• [Data for review]:
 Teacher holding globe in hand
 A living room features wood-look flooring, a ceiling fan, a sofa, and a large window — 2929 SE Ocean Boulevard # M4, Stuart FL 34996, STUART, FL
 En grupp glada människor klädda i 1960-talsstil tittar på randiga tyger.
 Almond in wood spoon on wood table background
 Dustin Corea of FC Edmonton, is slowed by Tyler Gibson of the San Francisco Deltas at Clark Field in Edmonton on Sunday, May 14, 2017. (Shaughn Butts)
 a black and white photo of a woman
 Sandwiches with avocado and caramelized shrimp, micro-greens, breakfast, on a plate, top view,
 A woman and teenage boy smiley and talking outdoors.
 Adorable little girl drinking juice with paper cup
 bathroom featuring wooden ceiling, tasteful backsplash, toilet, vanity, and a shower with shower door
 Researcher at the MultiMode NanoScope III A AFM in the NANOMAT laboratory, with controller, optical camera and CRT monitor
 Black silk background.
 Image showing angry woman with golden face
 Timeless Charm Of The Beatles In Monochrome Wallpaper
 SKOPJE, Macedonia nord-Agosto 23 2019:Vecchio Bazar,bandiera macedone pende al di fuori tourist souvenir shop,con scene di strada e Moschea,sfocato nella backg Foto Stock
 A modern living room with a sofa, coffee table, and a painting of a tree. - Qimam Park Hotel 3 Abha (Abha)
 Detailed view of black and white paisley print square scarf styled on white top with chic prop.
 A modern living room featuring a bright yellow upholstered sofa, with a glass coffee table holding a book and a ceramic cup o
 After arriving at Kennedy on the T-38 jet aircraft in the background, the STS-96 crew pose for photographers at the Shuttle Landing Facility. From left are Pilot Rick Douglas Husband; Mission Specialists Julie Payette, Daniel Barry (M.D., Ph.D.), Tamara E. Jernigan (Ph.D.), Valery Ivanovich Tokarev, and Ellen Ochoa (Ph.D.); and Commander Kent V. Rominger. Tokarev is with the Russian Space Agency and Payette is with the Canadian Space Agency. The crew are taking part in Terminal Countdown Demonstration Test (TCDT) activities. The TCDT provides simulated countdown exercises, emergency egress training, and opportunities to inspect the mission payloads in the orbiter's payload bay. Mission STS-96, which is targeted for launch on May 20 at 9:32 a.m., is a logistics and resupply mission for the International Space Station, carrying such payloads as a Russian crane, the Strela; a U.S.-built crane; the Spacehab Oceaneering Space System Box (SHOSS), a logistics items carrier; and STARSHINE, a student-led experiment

• [Exercise instructions]: Could you output, exactly and with nothing else, the lines from the start of the records through the line containing "Timeless Charm Of"?

• [Result of the exercise]:
 Teacher holding globe in hand
 A living room features wood-look flooring, a ceiling fan, a sofa, and a large window — 2929 SE Ocean Boulevard # M4, Stuart FL 34996, STUART, FL
 En grupp glada människor klädda i 1960-talsstil tittar på randiga tyger.
 Almond in wood spoon on wood table background
 Dustin Corea of FC Edmonton, is slowed by Tyler Gibson of the San Francisco Deltas at Clark Field in Edmonton on Sunday, May 14, 2017. (Shaughn Butts)
 a black and white photo of a woman
 Sandwiches with avocado and caramelized shrimp, micro-greens, breakfast, on a plate, top view,
 A woman and teenage boy smiley and talking outdoors.
 Adorable little girl drinking juice with paper cup
 bathroom featuring wooden ceiling, tasteful backsplash, toilet, vanity, and a shower with shower door
 Researcher at the MultiMode NanoScope III A AFM in the NANOMAT laboratory, with controller, optical camera and CRT monitor
 Black silk background.
 Image showing angry woman with golden face
 Timeless Charm Of The Beatles In Monochrome Wallpaper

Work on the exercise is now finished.